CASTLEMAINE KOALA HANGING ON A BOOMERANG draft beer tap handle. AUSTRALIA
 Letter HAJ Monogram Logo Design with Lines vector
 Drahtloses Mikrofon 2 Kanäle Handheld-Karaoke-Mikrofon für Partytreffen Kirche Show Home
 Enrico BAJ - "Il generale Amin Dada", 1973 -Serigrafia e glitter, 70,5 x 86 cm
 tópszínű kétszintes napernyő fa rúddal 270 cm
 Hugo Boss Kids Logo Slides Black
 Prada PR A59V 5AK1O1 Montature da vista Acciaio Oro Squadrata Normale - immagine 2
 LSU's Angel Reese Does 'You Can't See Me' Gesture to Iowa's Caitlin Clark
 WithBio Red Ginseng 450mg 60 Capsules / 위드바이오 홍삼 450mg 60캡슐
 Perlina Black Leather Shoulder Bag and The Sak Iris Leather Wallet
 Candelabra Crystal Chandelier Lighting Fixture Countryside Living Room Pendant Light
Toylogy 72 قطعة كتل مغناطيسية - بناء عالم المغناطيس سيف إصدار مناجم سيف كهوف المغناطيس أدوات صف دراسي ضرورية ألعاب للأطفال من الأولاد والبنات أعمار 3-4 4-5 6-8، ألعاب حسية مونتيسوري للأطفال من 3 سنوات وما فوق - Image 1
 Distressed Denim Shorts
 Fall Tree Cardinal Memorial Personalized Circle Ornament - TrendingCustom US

Assignment | Would you return the full set of entries, unchanged in every detail?

Answer for the task |
CASTLEMAINE KOALA HANGING ON A BOOMERANG draft beer tap handle. AUSTRALIA
 Letter HAJ Monogram Logo Design with Lines vector
 Drahtloses Mikrofon 2 Kanäle Handheld-Karaoke-Mikrofon für Partytreffen Kirche Show Home
 Enrico BAJ - "Il generale Amin Dada", 1973 -Serigrafia e glitter, 70,5 x 86 cm
 tópszínű kétszintes napernyő fa rúddal 270 cm
 Hugo Boss Kids Logo Slides Black
 Prada PR A59V 5AK1O1 Montature da vista Acciaio Oro Squadrata Normale - immagine 2
 LSU's Angel Reese Does 'You Can't See Me' Gesture to Iowa's Caitlin Clark
 WithBio Red Ginseng 450mg 60 Capsules / 위드바이오 홍삼 450mg 60캡슐
 Perlina Black Leather Shoulder Bag and The Sak Iris Leather Wallet
 Candelabra Crystal Chandelier Lighting Fixture Countryside Living Room Pendant Light
Toylogy 72 قطعة كتل مغناطيسية - بناء عالم المغناطيس سيف إصدار مناجم سيف كهوف المغناطيس أدوات صف دراسي ضرورية ألعاب للأطفال من الأولاد والبنات أعمار 3-4 4-5 6-8، ألعاب حسية مونتيسوري للأطفال من 3 سنوات وما فوق - Image 1
 Distressed Denim Shorts
 Fall Tree Cardinal Memorial Personalized Circle Ornament - TrendingCustom US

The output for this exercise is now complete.